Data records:

--*--

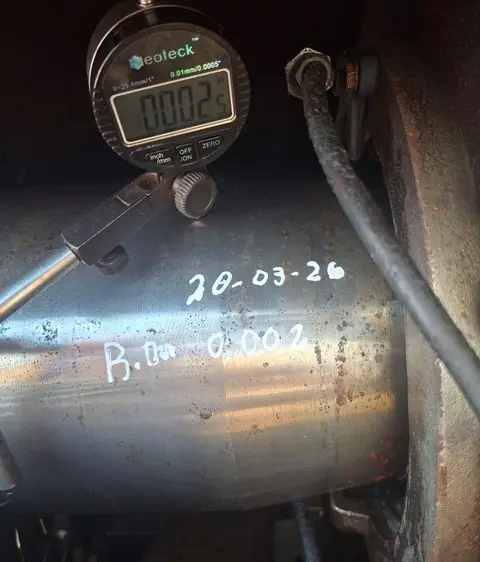 Reloj comparador en 0,002 sobre un eje pulido
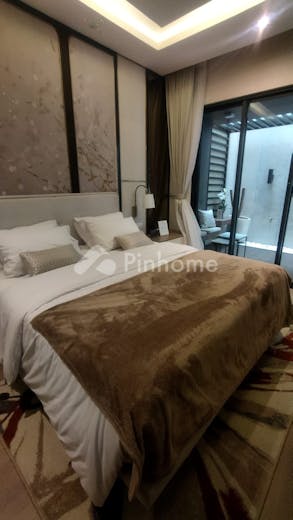 dijual rumah dharmawangsa bintaro sektor 7 di dharmawangsa bintaro - 7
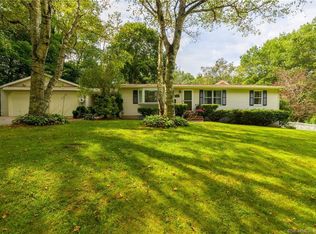 538 Center Rd, Woodstock, CT 06281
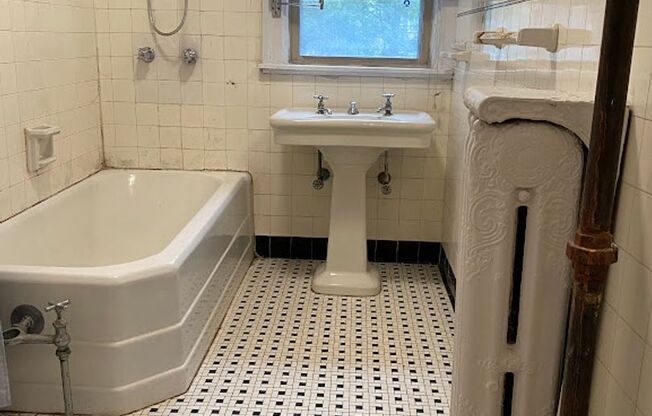 2 beds, 1 bath, $1,695, Unit 5806 Howe - 4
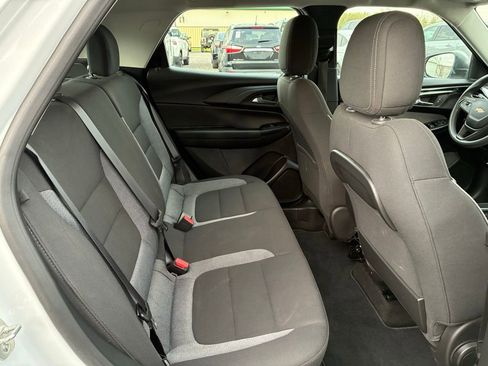 Used 2024 Chevrolet TrailBlazer LS w/ LS Confidence Package FWD image 15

--*--

WORK TO COMPLETE - For each record, return its text exactly and leave any picture out.

COMPLETED EXERCISE -
 Reloj comparador en 0,002 sobre un eje pulido
 dijual rumah dharmawangsa bintaro sektor 7 di dharmawangsa bintaro - 7
 538 Center Rd, Woodstock, CT 06281
 2 beds, 1 bath, $1,695, Unit 5806 Howe - 4
 Used 2024 Chevrolet TrailBlazer LS w/ LS Confidence Package FWD image 15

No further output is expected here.